Strong privacy law, banking tradition of secrecy — but the US broke Swiss banking confidentiality in 2014, and Swiss companies cooperate with American requests.

In one sentence

Switzerland's revised Federal Act on Data Protection (nDSG, effective September 2023) aligns closely with GDPR and gives residents strong rights — but Switzerland is not in the EU, cooperates closely with US authorities, and its banking secrecy has been significantly eroded.

How it works

The nDSG applies to all processing of Swiss residents' data. Key rights: information, access, deletion, data portability. Criminal penalties (up to CHF 250,000 for individuals) for intentional violations — unusual compared to GDPR's corporate fines. The Federal Data Protection and Information Commissioner (FDPIC) oversees enforcement. Switzerland has an adequacy decision from the EU, meaning data flows freely between Switzerland and the EU.

The banking secrecy myth

Switzerland was once synonymous with financial secrecy. This ended in 2014 when the US Department of Justice forced Swiss banks to hand over American account holders' data under threat of criminal prosecution. Credit Suisse paid $2.6B in fines. UBS paid $780M. Since 2018, Switzerland automatically exchanges financial data with 100+ countries under the OECD Common Reporting Standard. The secrecy that made Switzerland attractive for privacy is largely gone for financial data.

US cooperation

Switzerland participates in mutual legal assistance treaties (MLAT) with the US. Swiss companies like Proton (ProtonMail, ProtonVPN) comply with Swiss court orders — and Swiss courts can be compelled to assist US investigations via MLAT. In 2021, Proton provided French authorities with the IP address of a French climate activist, pursuant to a Swiss court order initiated by French police via Europol. This demonstrated that 'Swiss privacy' has limits when foreign governments use proper legal channels.

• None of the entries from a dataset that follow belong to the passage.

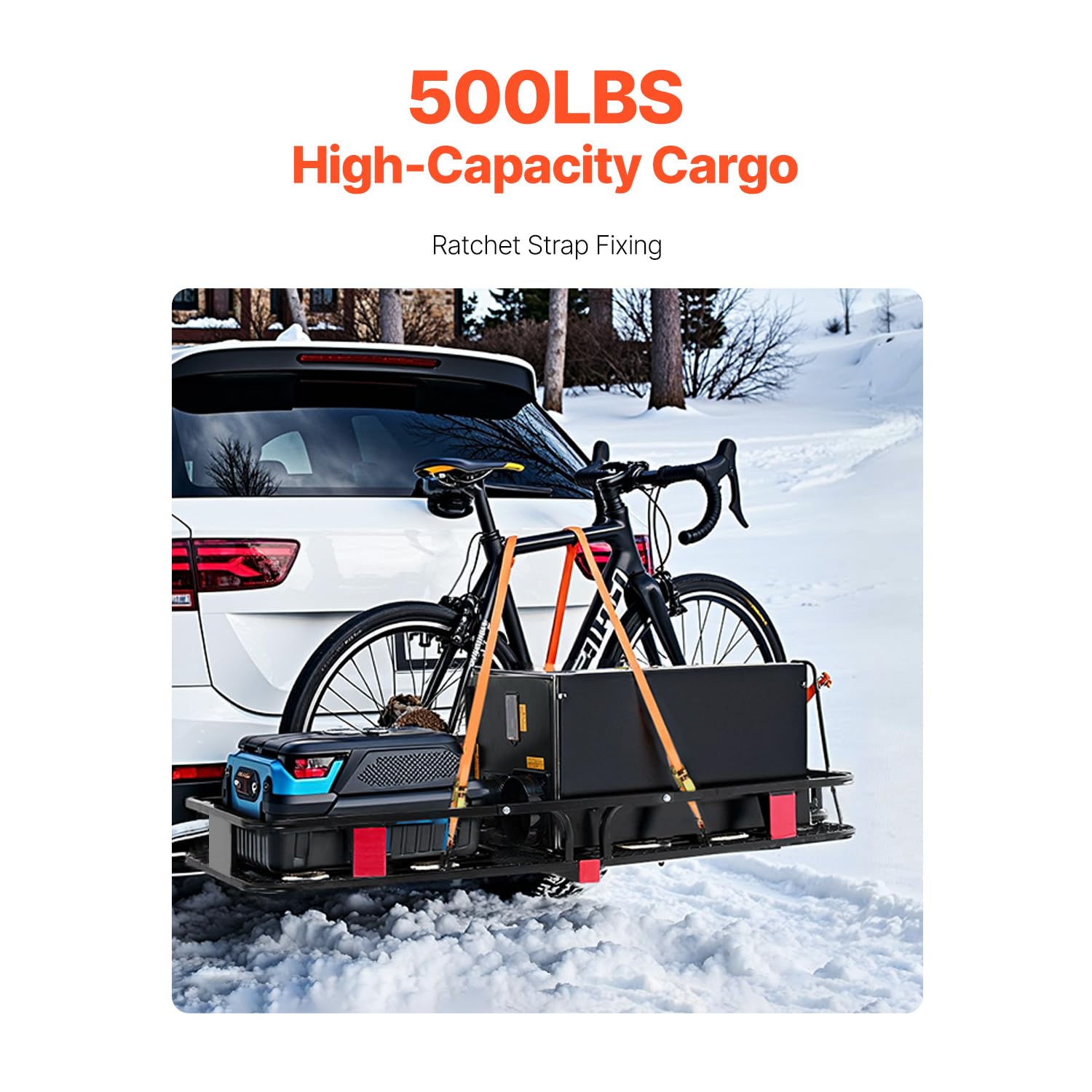 70'' x 30'' x 6'', Hitch Cargo Carrier, 500 lbs Capacity with Ratchet Straps & Cargo Bag, Folding Hitch Mount Cargo Carrier Bask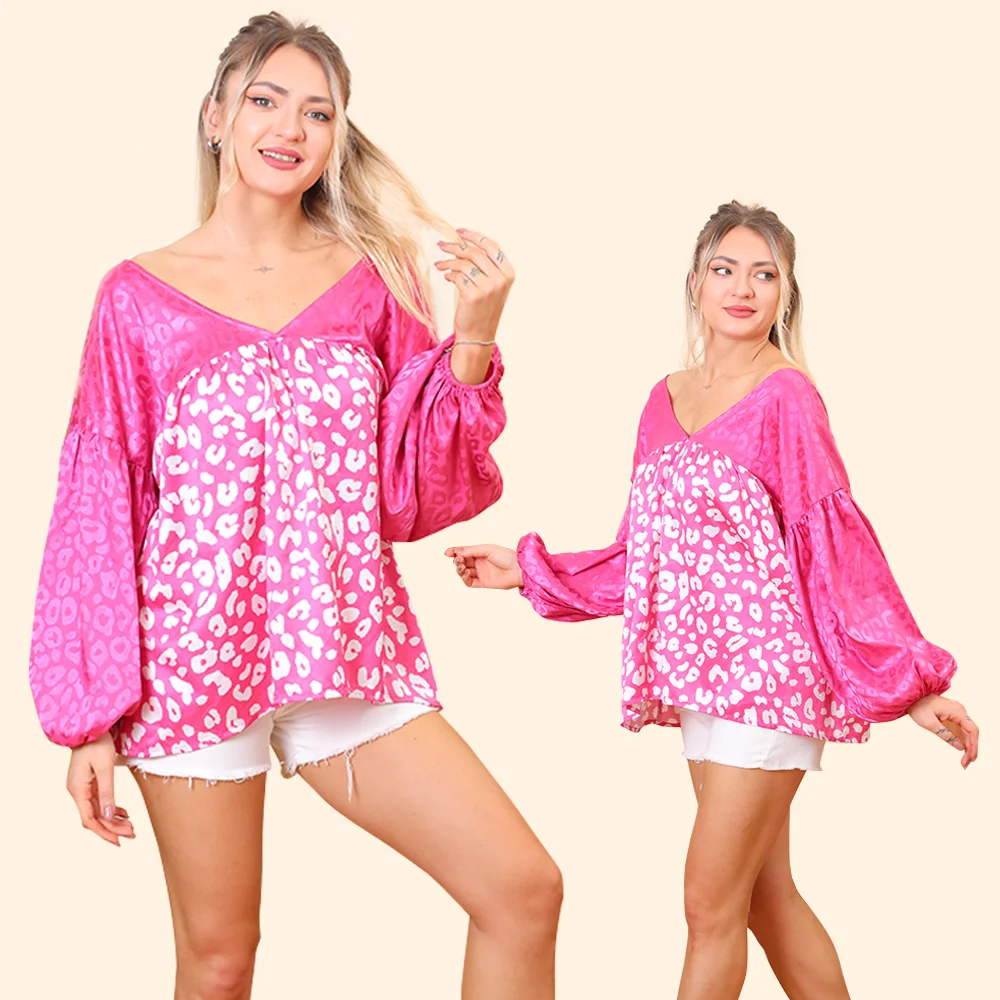 Custom Pink Leopard Summer Satin Puff Sleeve Ladies Elegant Women Blouses V neck Blouses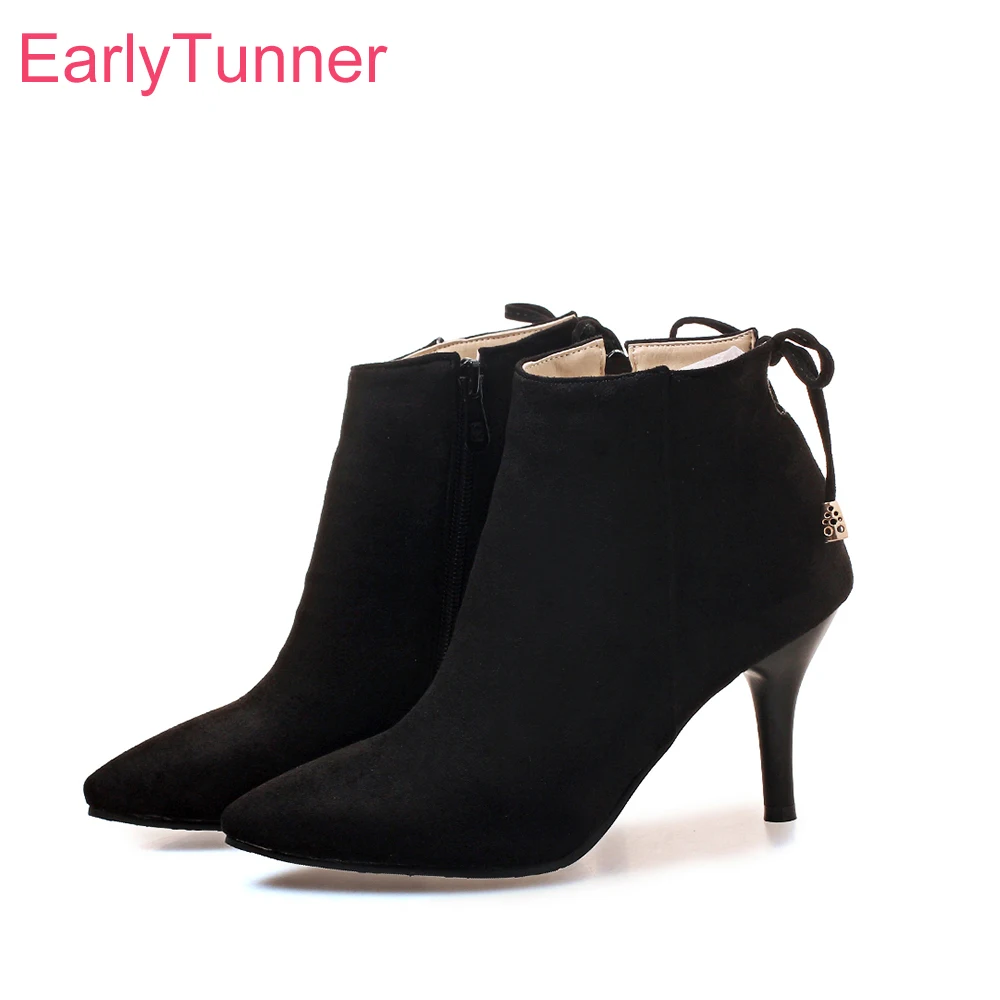 

Brand New Hot Sales Winter Sexy Black Red Women Ankle Dress Boots Fashion Lady OL Shoes High Heel ES90 Plus Big Size 10 32 43 46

Why it matters for privacy products

Switzerland hosts Proton (email, VPN, drive), Tresorit (cloud storage), Wire (messaging), and Threema (messaging). These companies chose Switzerland for its reputation. The protection is real — Swiss law prevents mass surveillance and requires judicial oversight. But it's not absolute: court orders work, MLATs work, and the FDPIC can compel cooperation. The advantage over the US is judicial oversight and the absence of mass surveillance programmes like PRISM. The advantage over the EU is independence from GDPR's one-stop-shop problems.